[INPUT DATA — start]
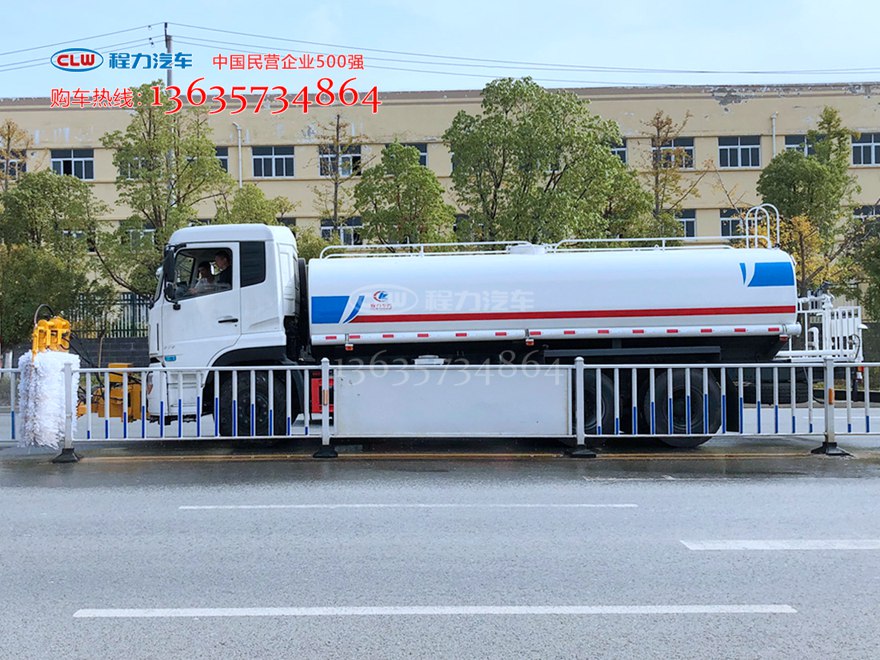 天龙洒水车加装城市围栏/高速防撞板两用清洗机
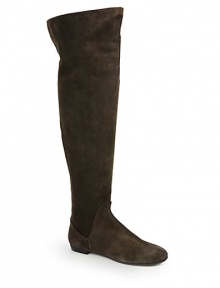 THE LOOKRound toeBack zipperNotched backPadded insoleShaft, 21Leg circumference, 17THE MATERIALSuede upperLeather lining and soleORIGINMade in Italy THE LOOKRound toeBack zipperNotched backPadded insoleShaft, 21Leg circumference, 17THE MATERIALSuede upperLeather lining and soleORIGINMade in Italy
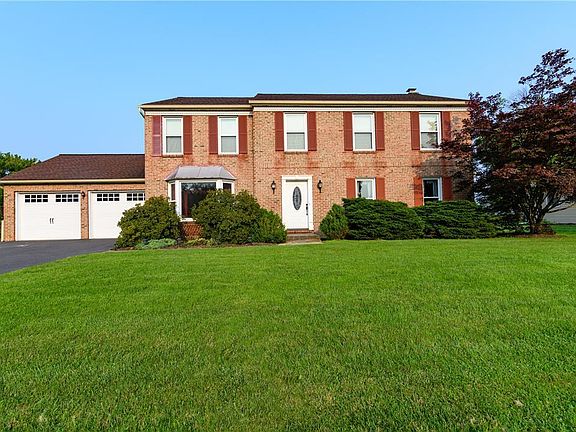3rd image of 616 Buckingham Dr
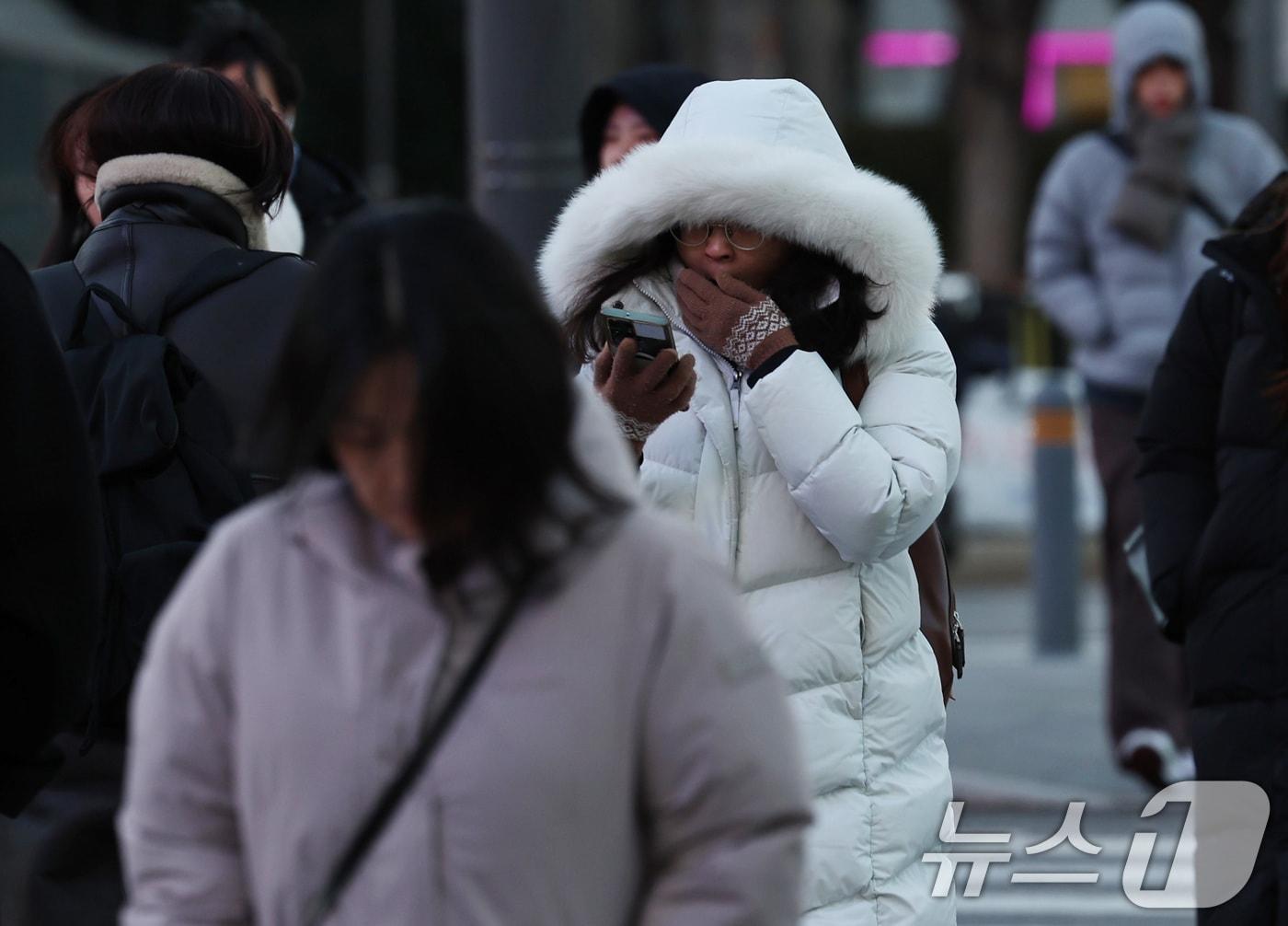 본문 이미지 - 서울의 최저기온이 영하 10도 가까이 떨어진 4일 오전 서울 광화문네거리 일대에서 시민들이 추위 속 출근길 발걸음을 옮기고 있다. 2025.12.4/뉴스1 ⓒ News1 구윤성 기자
[INPUT DATA — finish]
TASK DIRECTIONS —
Your answer is the exact run of lines above from the one with "in Italy THE" through the one with "3rd image of 616 Buckingham Dr", both ends included, minus any picture.

SOLUTION —
 THE LOOKRound toeBack zipperNotched backPadded insoleShaft, 21Leg circumference, 17THE MATERIALSuede upperLeather lining and soleORIGINMade in Italy THE LOOKRound toeBack zipperNotched backPadded insoleShaft, 21Leg circumference, 17THE MATERIALSuede upperLeather lining and soleORIGINMade in Italy
3rd image of 616 Buckingham Dr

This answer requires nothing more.